About the job
At Runway ML, we are at the intersection of art and science, harnessing AI to create simulations of the world. Our vision is that world models represent the cutting edge of artificial intelligence. We believe that traditional language models alone fall short in addressing the most pressing global challenges, such as robotics, healthcare, and scientific innovation. Genuine advancement necessitates models that can learn from their interactions with the world, just like humans do. This iterative learning process can be substantially expedited through simulation rather than real-world experimentation.
World models pave the way for groundbreaking general-purpose simulations, revolutionizing storytelling, scientific exploration, and the pursuit of new horizons for humanity.
Our team is composed of imaginative, open-minded, compassionate, and driven individuals committed to making a difference. We aim to continuously achieve the remarkable, and our success hinges on cultivating an exceptional team. If you share this ambition, we invite you to connect with us.
Role Overview
We are seeking Research Engineers dedicated to enhancing the efficiency and speed of our world models without sacrificing their capabilities. Your responsibilities will include profiling, optimizing, and rearchitecting systems that transform research concepts into scalable, real-time models , directly influencing computational possibilities and the capabilities we can develop.
Key Responsibilities
- Optimize training throughput on expansive GPU clusters, enhancing MFU through custom kernels, mixed-precision strategies (FP8, BF16), memory-efficient attention mechanisms, and activation checkpointing.
- Design and uphold a distributed training infrastructure encompassing tensor parallelism, context parallelism, FSDP, and resilient multi-node configurations.

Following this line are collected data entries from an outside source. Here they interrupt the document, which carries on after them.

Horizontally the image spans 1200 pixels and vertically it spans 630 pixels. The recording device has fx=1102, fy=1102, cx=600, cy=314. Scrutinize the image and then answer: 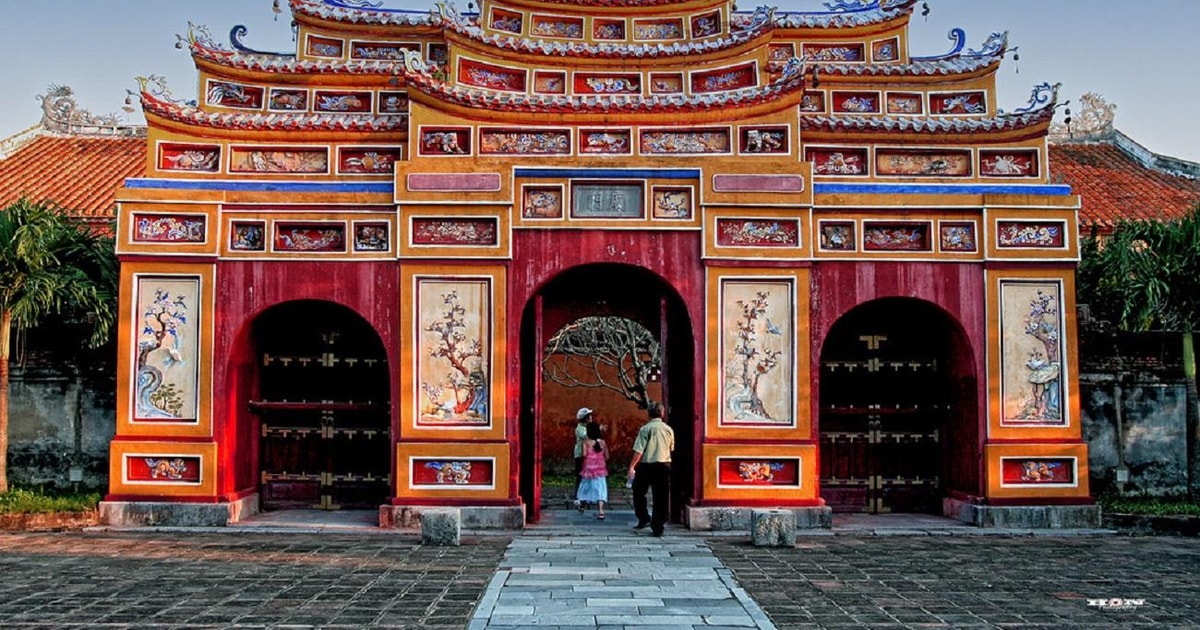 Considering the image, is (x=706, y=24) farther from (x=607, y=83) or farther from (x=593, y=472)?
(x=593, y=472)

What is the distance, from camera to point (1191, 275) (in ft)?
45.8

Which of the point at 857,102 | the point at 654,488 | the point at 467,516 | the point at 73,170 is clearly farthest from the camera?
the point at 73,170

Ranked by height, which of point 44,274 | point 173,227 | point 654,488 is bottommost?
point 654,488

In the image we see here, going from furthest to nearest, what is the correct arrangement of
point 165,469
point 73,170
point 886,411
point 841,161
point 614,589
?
point 73,170, point 886,411, point 841,161, point 165,469, point 614,589

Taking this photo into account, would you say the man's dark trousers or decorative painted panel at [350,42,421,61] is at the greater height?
decorative painted panel at [350,42,421,61]

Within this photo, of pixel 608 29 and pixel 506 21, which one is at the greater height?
pixel 506 21

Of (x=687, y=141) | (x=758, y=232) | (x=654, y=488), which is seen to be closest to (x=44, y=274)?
(x=654, y=488)

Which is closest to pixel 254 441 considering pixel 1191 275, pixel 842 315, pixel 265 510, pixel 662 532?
pixel 265 510

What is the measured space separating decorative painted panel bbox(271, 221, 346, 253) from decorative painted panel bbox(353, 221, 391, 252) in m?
0.18

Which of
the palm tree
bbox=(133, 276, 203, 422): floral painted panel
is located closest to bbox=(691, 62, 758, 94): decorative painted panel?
bbox=(133, 276, 203, 422): floral painted panel

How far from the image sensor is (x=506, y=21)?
51.0ft

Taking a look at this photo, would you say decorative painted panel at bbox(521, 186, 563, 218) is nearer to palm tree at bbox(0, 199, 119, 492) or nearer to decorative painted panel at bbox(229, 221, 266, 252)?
decorative painted panel at bbox(229, 221, 266, 252)

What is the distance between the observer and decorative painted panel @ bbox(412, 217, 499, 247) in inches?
535

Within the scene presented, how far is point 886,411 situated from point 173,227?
949 centimetres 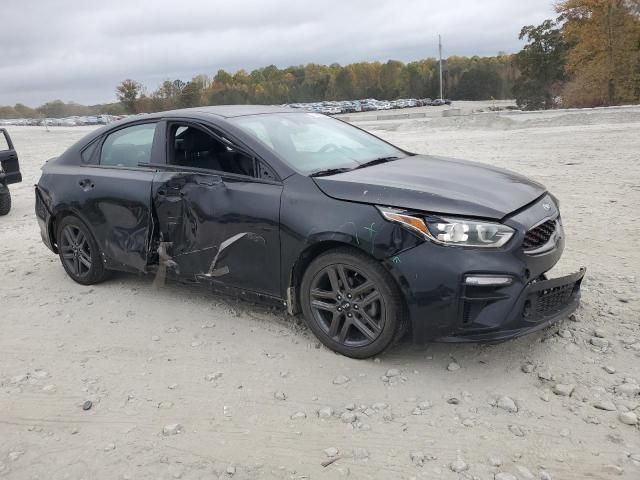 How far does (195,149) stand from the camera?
4.73 metres

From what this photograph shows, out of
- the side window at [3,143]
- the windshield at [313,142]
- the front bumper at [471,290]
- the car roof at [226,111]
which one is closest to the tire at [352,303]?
the front bumper at [471,290]

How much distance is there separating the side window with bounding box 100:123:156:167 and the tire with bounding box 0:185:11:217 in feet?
18.5

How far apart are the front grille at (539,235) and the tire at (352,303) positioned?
823mm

- Profile and accelerate inference pipelines for real-time multimodal generation, including CUDA graph compilation, KV cache optimization, operator fusion, and latency reduction.

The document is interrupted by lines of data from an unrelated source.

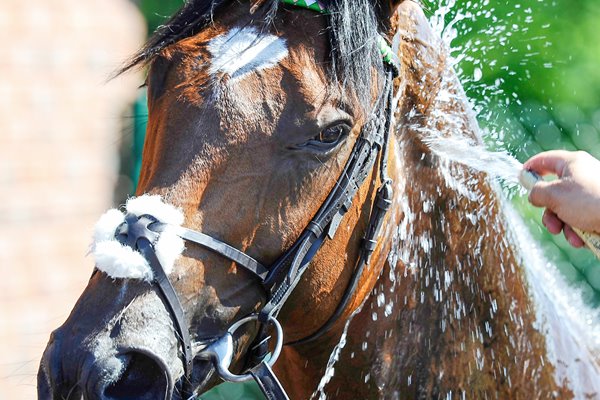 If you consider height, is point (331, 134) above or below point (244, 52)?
below

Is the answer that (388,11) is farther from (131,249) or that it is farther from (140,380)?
(140,380)

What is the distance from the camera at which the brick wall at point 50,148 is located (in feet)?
13.5

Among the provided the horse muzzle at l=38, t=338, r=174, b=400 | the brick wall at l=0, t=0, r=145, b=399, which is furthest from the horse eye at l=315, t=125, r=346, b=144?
the brick wall at l=0, t=0, r=145, b=399

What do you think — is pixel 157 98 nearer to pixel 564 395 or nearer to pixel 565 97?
pixel 564 395

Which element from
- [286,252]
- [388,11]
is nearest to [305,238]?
[286,252]

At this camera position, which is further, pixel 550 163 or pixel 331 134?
pixel 331 134

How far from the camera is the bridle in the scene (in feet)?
4.97

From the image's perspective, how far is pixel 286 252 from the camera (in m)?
1.71

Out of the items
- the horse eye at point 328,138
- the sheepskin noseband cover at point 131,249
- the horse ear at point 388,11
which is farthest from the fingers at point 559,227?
the sheepskin noseband cover at point 131,249

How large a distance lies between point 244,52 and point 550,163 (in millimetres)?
694

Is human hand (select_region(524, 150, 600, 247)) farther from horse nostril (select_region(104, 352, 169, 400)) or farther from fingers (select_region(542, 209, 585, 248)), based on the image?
horse nostril (select_region(104, 352, 169, 400))

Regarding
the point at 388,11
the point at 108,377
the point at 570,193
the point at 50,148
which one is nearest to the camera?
the point at 108,377

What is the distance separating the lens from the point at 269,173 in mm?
1660

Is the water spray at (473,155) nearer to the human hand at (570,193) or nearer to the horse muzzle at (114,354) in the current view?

- Optimize and scale our training infrastructure to bolster efficiency and reliability.
- Contribute across the entire stack, from low-level kernel optimizations to high-level model design.
Qualifications
- 4+ years of experience in systems engineering, machine learning infrastructure, or performance optimization specifically for deep learning.
- Proficiency in GPU kernel development (CUDA, Triton, CUTLASS) and familiarity with distributed systems (NCCL, collective communication, model parallelism).
- Understanding of machine learning framework internals (PyTorch, TensorFlow, etc.) and hands-on experience with optimization techniques.